* _WHAT THE TASK REQUIRES_
Leaving out each picture, transcribe the lines of the listing below exactly from the first through the line that contains "Its fatty acid".

* _DATASET EXCERPT_
((
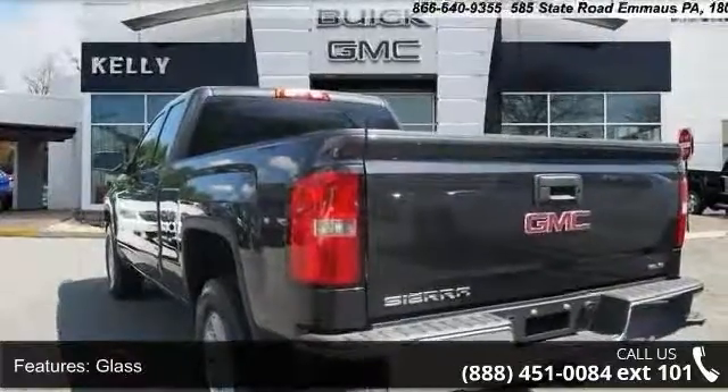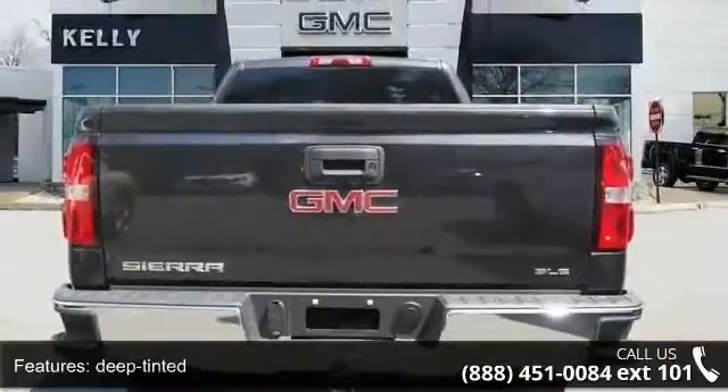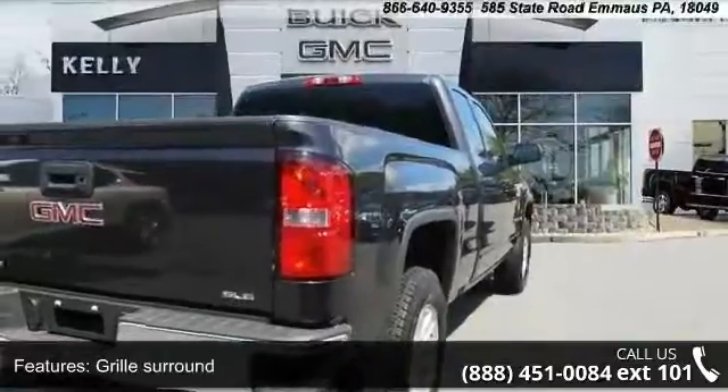Low mileage is an important factor in your purchase and this vehicle delivers a low odometer reading. Let us put you in the driver's seat today. Call or click to schedule a test drive.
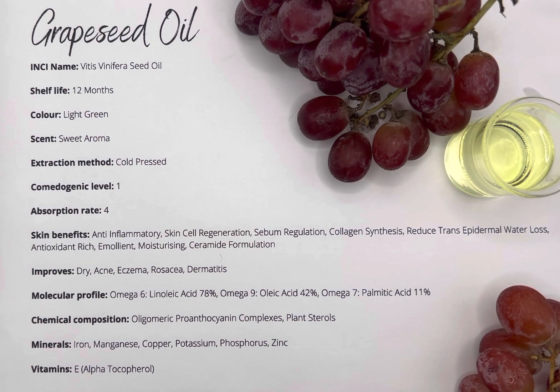Its fatty acid content is a blend of omega-6 linoleic acid, omega-9 oleic acid, and omega-7 palmitic acid.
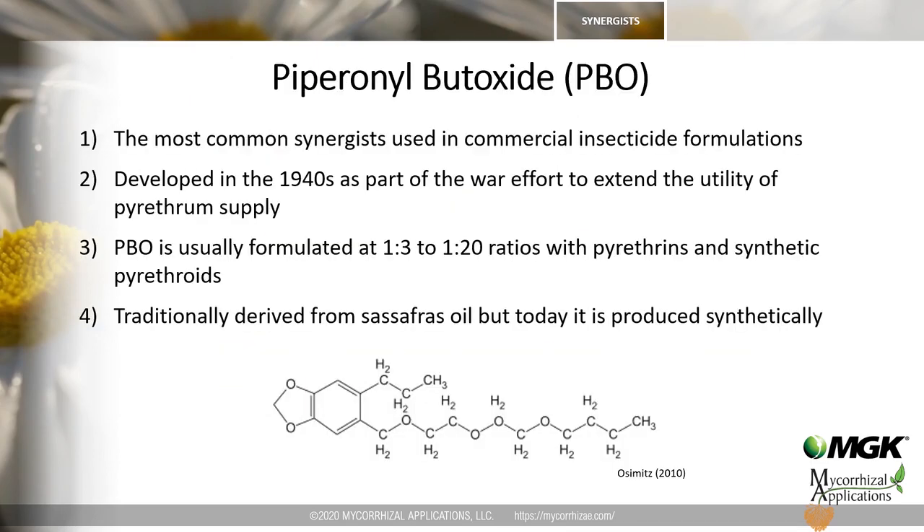One of the most widely used insecticide synergists is piperonyl butoxide, also known as PBO. PBO's development was intimately connected with pyrethrins — it was developed during World War II to extend the utility of the available pyrethrins supply. PBO is generally formulated at various ratios with pyrethrins; the higher the ratio, the more effective the combination, though there is a diminishing return in many cases. In our experience, the 1:5 to 1:10 pyrethrin-to-PBO ratio provides the most benefits.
))
* _EXERCISE ANSWER_
Low mileage is an important factor in your purchase and this vehicle delivers a low odometer reading. Let us put you in the driver's seat today. Call or click to schedule a test drive.
Its fatty acid content is a blend of omega-6 linoleic acid, omega-9 oleic acid, and omega-7 palmitic acid.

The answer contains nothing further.